• [Activity]: Below are entries. Give back exactly the lines from the one containing "Monoclonal Mouse anti-Human" through the one containing "Arunachalpradesh 7km resort", inclusive, without the pictures.

• [Recorded information]:
☆ ☆ ☆ ☆

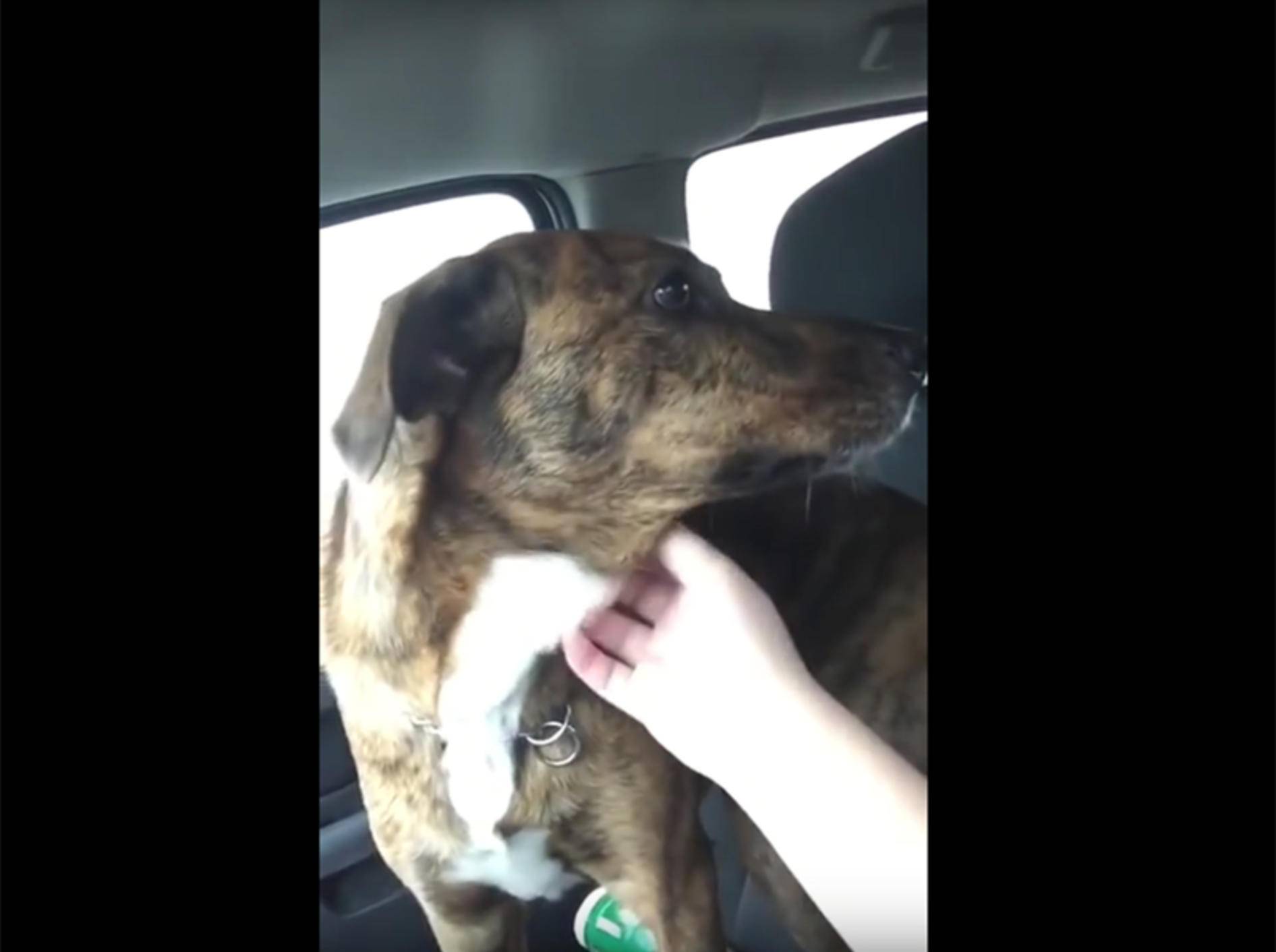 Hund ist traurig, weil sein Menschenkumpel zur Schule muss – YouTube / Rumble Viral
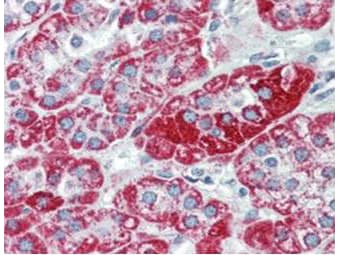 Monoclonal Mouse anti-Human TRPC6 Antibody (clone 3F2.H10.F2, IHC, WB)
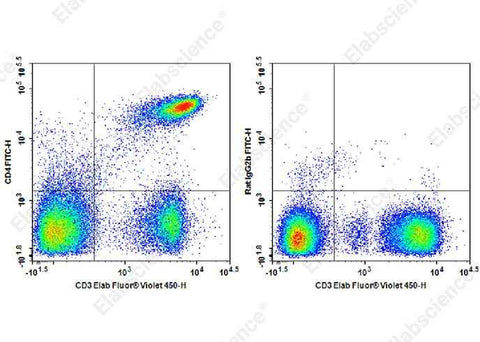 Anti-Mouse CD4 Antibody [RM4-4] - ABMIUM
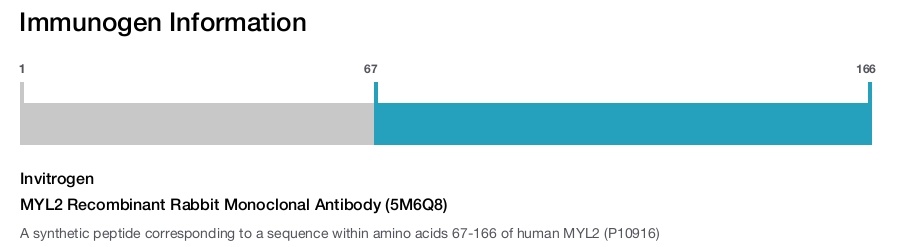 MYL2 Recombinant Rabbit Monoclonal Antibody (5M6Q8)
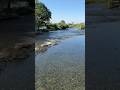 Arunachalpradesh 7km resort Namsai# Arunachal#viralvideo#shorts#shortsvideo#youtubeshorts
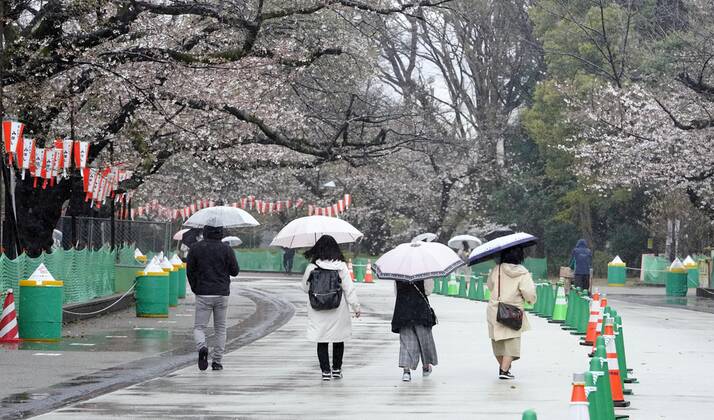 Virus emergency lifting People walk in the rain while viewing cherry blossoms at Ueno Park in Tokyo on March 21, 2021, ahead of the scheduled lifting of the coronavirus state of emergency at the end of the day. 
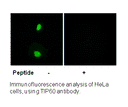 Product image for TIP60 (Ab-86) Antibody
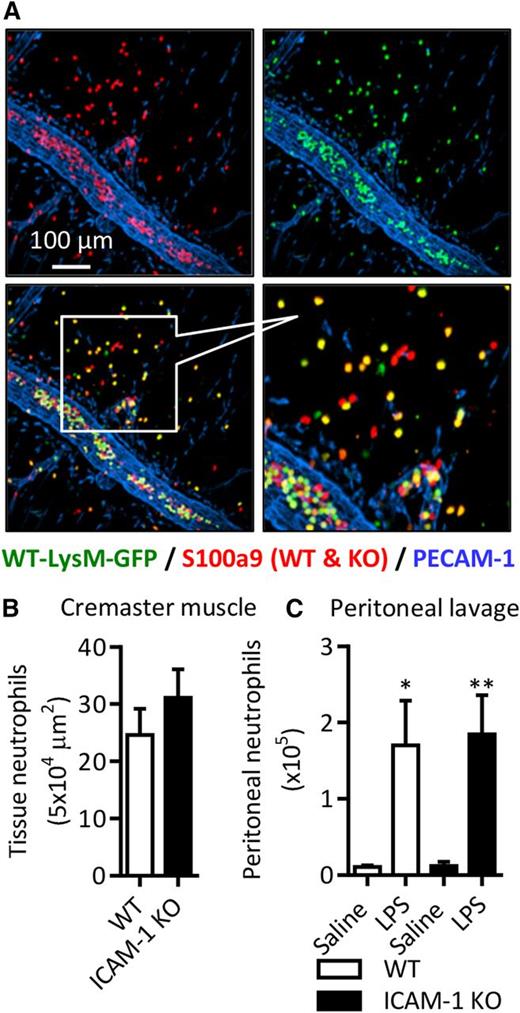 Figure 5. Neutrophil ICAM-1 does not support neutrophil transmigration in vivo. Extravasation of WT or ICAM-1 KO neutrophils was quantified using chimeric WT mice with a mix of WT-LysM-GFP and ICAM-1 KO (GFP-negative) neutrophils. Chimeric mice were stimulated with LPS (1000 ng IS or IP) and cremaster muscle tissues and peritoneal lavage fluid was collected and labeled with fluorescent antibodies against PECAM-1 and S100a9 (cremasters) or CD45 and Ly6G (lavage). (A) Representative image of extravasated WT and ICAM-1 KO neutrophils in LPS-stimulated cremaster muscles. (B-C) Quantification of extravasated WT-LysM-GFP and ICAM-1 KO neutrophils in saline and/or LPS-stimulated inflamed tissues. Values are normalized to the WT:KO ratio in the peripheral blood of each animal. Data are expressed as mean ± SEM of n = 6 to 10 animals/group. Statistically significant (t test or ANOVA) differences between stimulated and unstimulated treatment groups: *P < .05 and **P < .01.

☆ ☆ ☆ ☆

• [Result]:
 Monoclonal Mouse anti-Human TRPC6 Antibody (clone 3F2.H10.F2, IHC, WB)
 Anti-Mouse CD4 Antibody [RM4-4] - ABMIUM
 MYL2 Recombinant Rabbit Monoclonal Antibody (5M6Q8)
 Arunachalpradesh 7km resort Namsai# Arunachal#viralvideo#shorts#shortsvideo#youtubeshorts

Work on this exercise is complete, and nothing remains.